If we ask a more challenging question such as:

After 20 spins what is the probability that you will have less then 0 points?“

How might we solve this?

Of course, there are methods to analytically solve this type of problem but by the time they are even explained we could have already written our simulation!
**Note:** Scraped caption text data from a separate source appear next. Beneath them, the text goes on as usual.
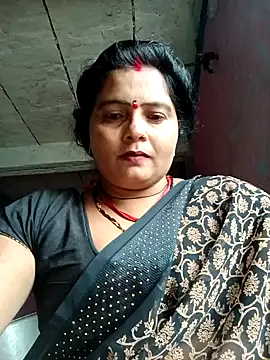 Snapshot of Hot_komal1 chatting on 10.21.25 Hot komal1 online show from 10.21.25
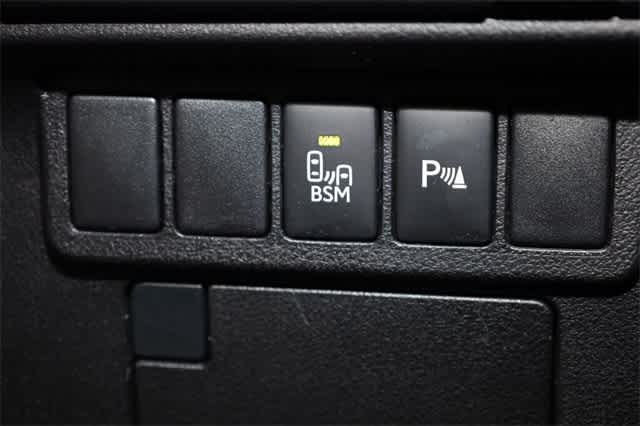 Thumbnail: 2014 Lexus ES - 27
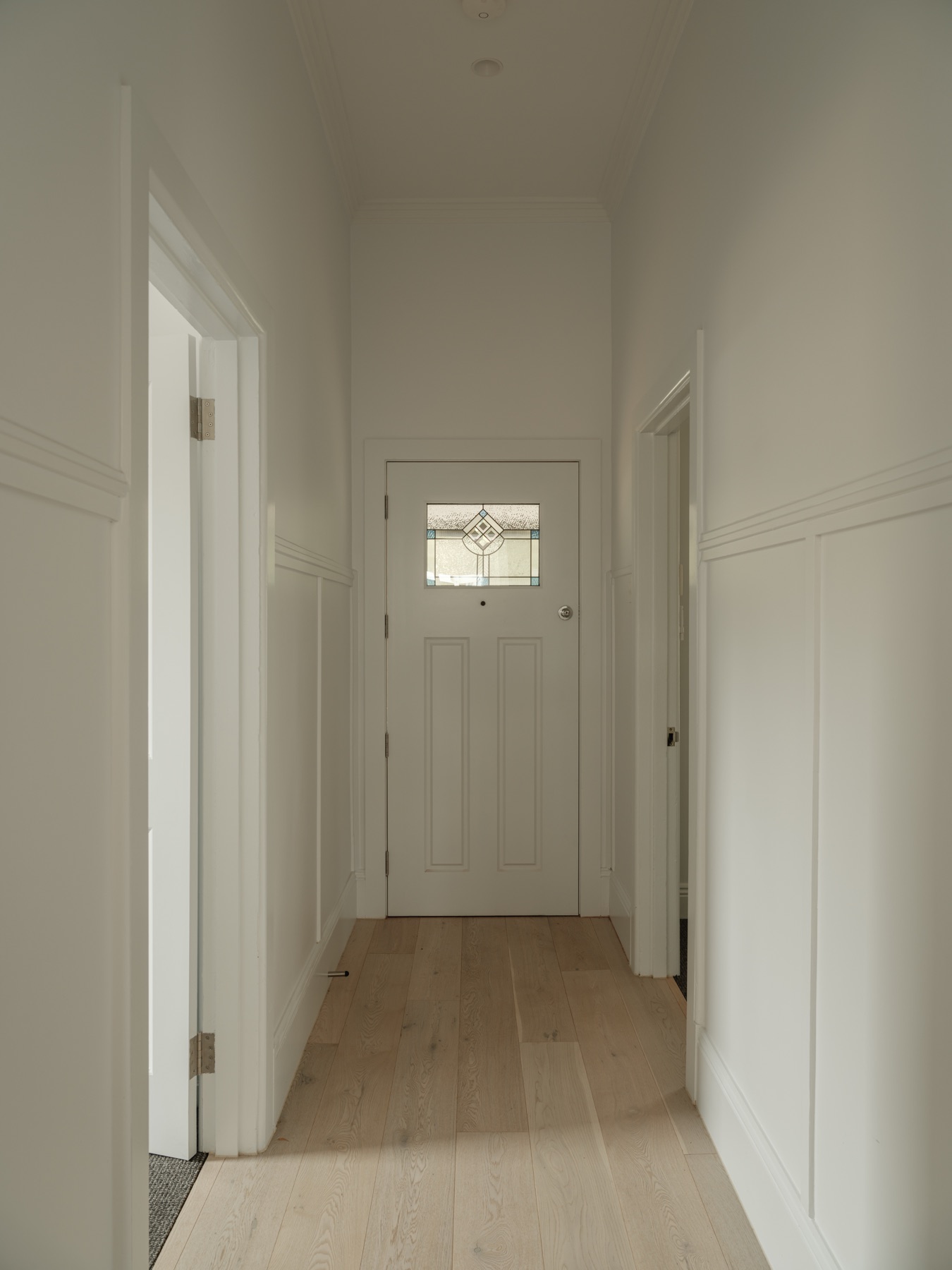 Wincanton — entry hallway, leadlight detail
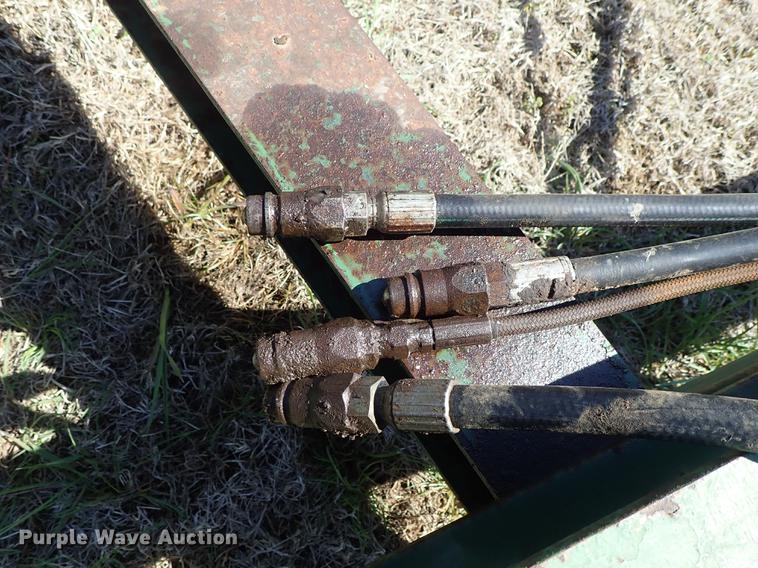 image for item DF1089 John Deere 1010 field cultivator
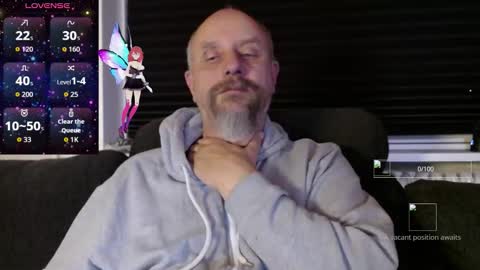 Snapshot of hardmrlazy chatting on 12.01.25 MrLazy online show from 12.01.25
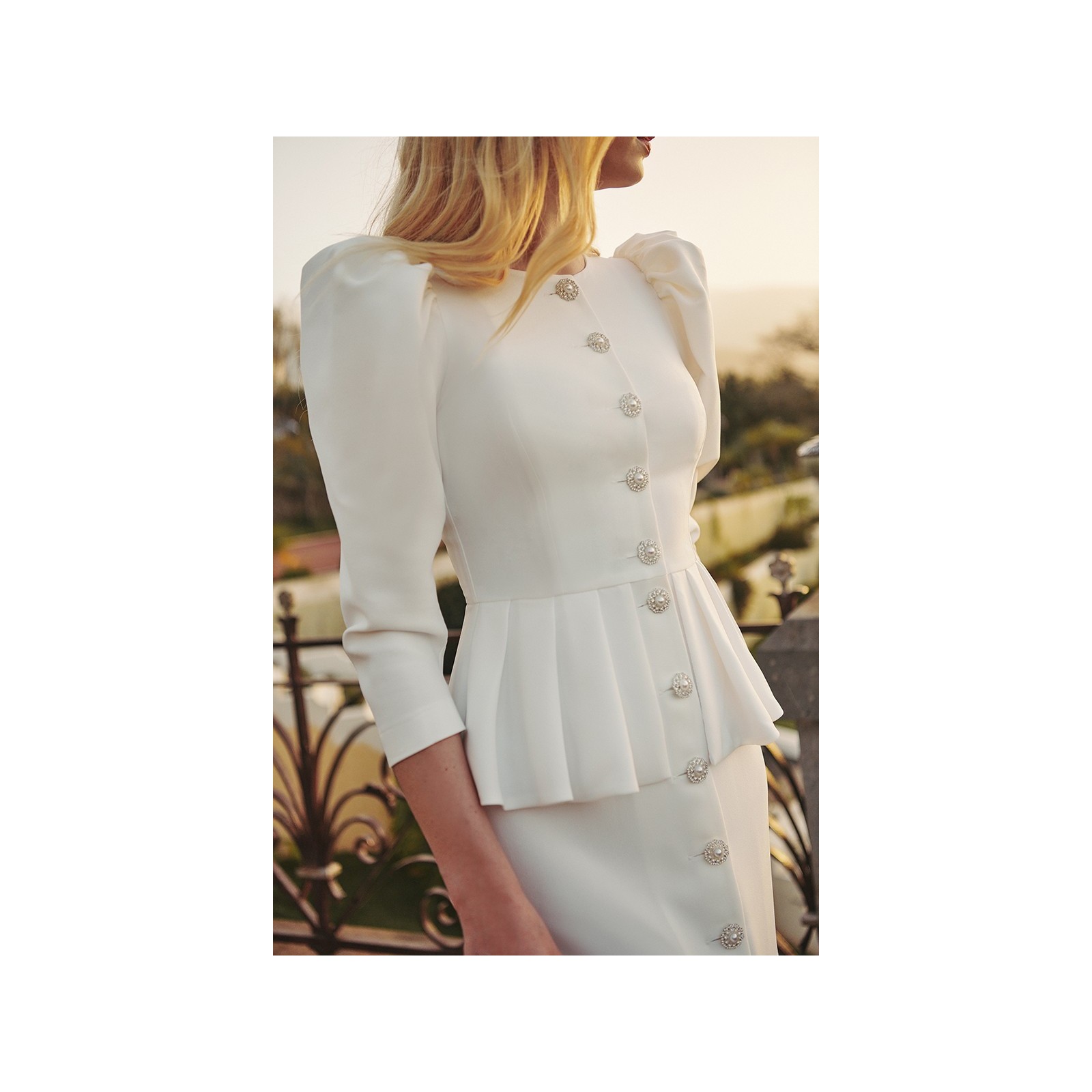 vestido midi de crepe blanco con peplum manga abullonada jamon  y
To solve this with a Monte Carlo simulation you need to sample from the Spinner 20 times, and return 1 if we are below 0 other wise we’ll return 0. We will repeat this 10,000 times to see how often it happens!

7.6 Using Functions

First, we are going to introduce the concept of a function. This is a piece of code which is encapsulated so then we can refer to it repeated via the name of the function rather than repeatedly writing those lines of code. The function we will write will simulate one game as indicated above and return whether the number of points is less than zero.

# simulates a game of 20 spins
play_game <- function(){
    # picks a number from the list (1, -1, 2)
    # with probability 50%, 25% and 25% twenty times
  results <- sample(c(1, -1, 2), 20, replace = TRUE, prob = c(0.5, 0.25, 0.25))

  # function returns whether the sum of all the spins is < 1
  return(sum(results) < 0)
}

7.7 Simulating from function

Now we can use this function in a loop to play the game 100 times:

runs <- 100 # play the game 100 times

less_than_zero <- rep(0, runs) # vector to store outcome of each game
for (it in 1:runs) {
  # play the game by calling the function and store the outcome
  less_than_zero[it] <- play_game()
}

We can then compute the probability that, after twenty spins, we will have less than zero points:

prob_less_than_zero <- sum(less_than_zero)/runs
print(prob_less_than_zero)
## [1] 0

The probability is very low. This is not surprising since there is only a 25% chance of getting a point deduction on any spin and a 75% chance of gaining points. Try to increase the number of simulation runs to see if you can detect any games where you do find a negative score.

7.8 Problem: MC Expectation

  1. Modify your code to allow you to calculate the expected number of points after 20 spins.
  2. Simulate a game in which you have a maximum of 20 spins but you go “bust” once you hit a negative score and take this into account when you compute the expected end of game score.